Портрет корпуса

Corpora

35,960 texts
26,238,321 words

historical, disambiguated, syntactically tagged

Corpora: Russian classics β

What is classics?

The corpus includes fictional, journalistic, and epistolary works, as well as business documents from the collected works of Russian classical writers.

At present, the corpus contains Russian-language texts by the following 16 authors, listed in chronological order:

Alexander Radishchev
Ivan Krylov
Vasily Zhukovsky
Alexander Griboyedov
Alexander Pushkin
Yevgeny Baratynsky
Mikhail Lermontov
Fyodor Tyutchev
Nikolai Gogol
Ivan Turgenev
Nikolai Nekrasov
Fyodor Dostoevsky
Mikhail Saltykov-Shchedrin
Leo Tolstoy
Nikolai Leskov
Anton Chekhov

The concept of a "classical author" is, of course, to some extent subjective, and is shaped by informal consensus, as well as literary scholarship, educational practices, and publishing traditions. This consensus may shift over time for various reasons. For example, Krylov’s fables had already become school classics during his lifetime, whereas Baratynsky’s poetry was only rediscovered by modernists; during the 1930s–1950s, Dostoevsky was not considered a "great writer" in the Soviet Union due to ideological reasons, and Leskov was not widely seen as a major literary figure until the final decades of the 20th century.

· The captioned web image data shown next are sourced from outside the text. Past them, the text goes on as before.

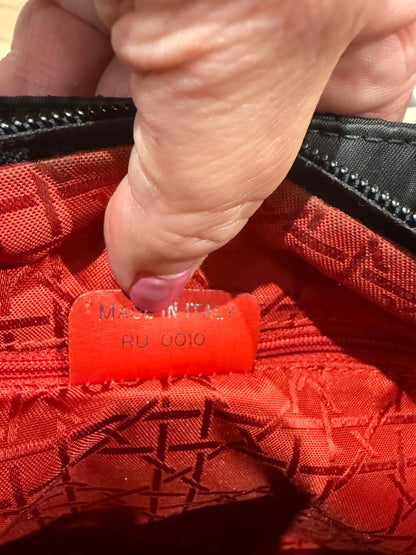 Close-up of a black lady Dior with red inside bag with a visible brand label.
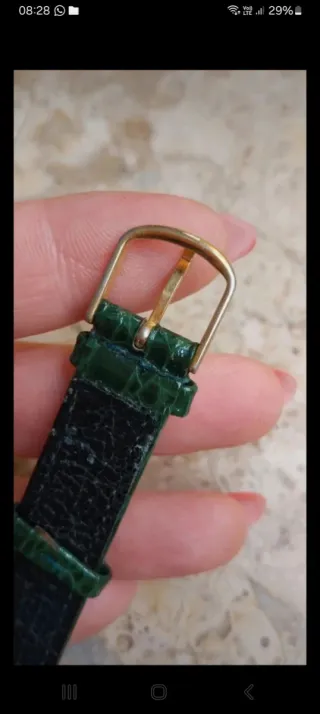 Orologio vintage con cinturino in pelle verde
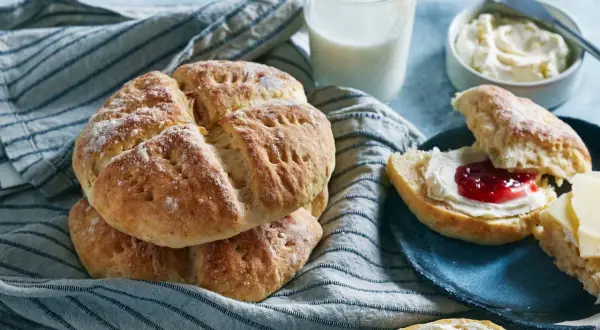 En hög med söta scones, redo att avnjutas med sylt och grädde. Ett glas mjölk står bredvid, perfekt för en mysig fika.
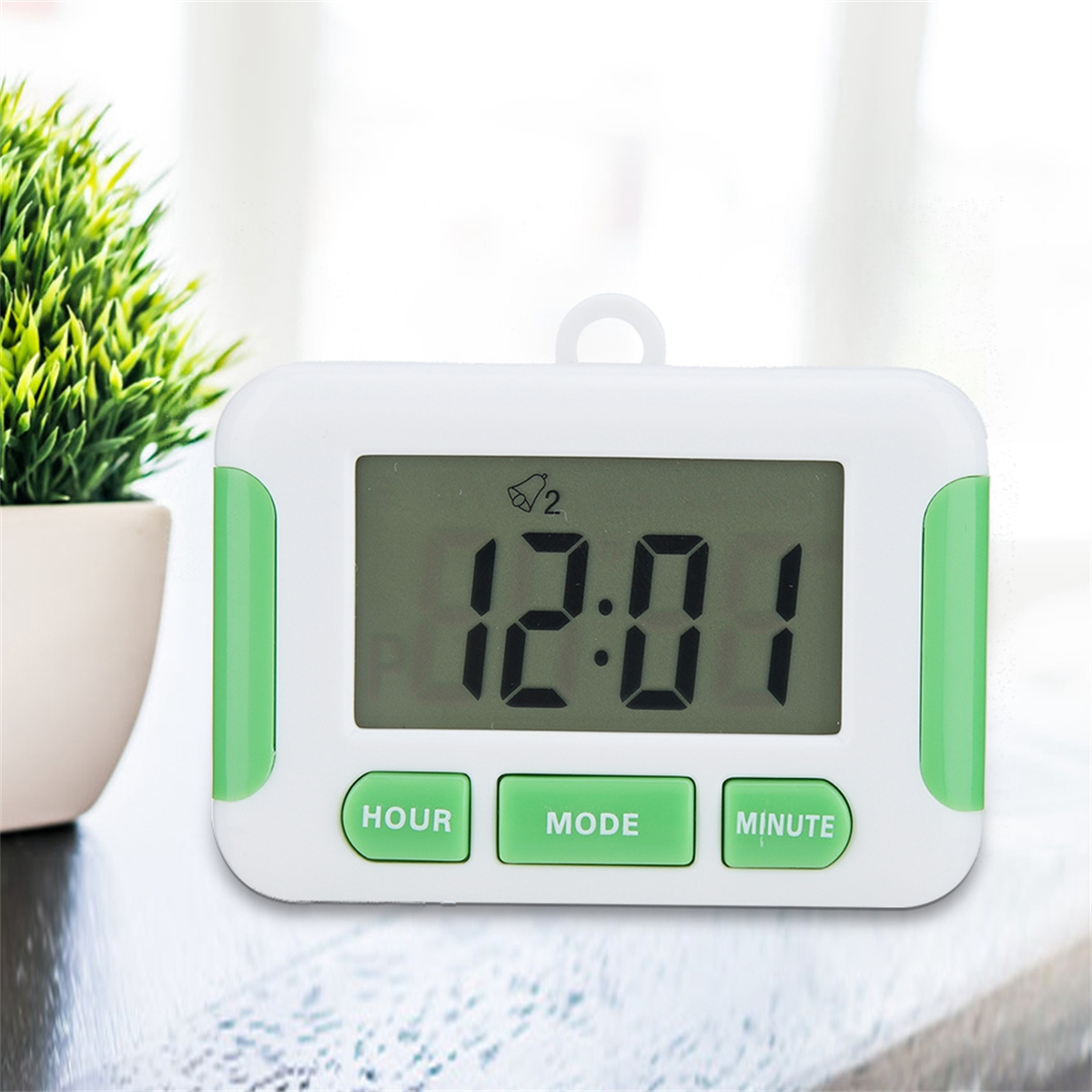 Ein kleiner, weiß-grüner digitaler Timer mit der Anzeige 12:01. Er hat drei grüne Knöpfe.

One informal marker of “classical” status might be the absence of a label such as “poet” or “prose writer” in the entries of the authoritative biobibliographical dictionary Russian Writers. 1800–1917, which began publication in 1989. For most of the above-listed figures, such labels are omitted — implying that the target audience is presumed to have at least a general familiarity with the works of authors like Pushkin or Shchedrin.

What matters for our purposes is that these authors have complete or near-complete collected works published in the 20th–21st centuries, with a focus on maximally comprehensive coverage across various genres, and the exhaustive publication of both printed and manuscript versions.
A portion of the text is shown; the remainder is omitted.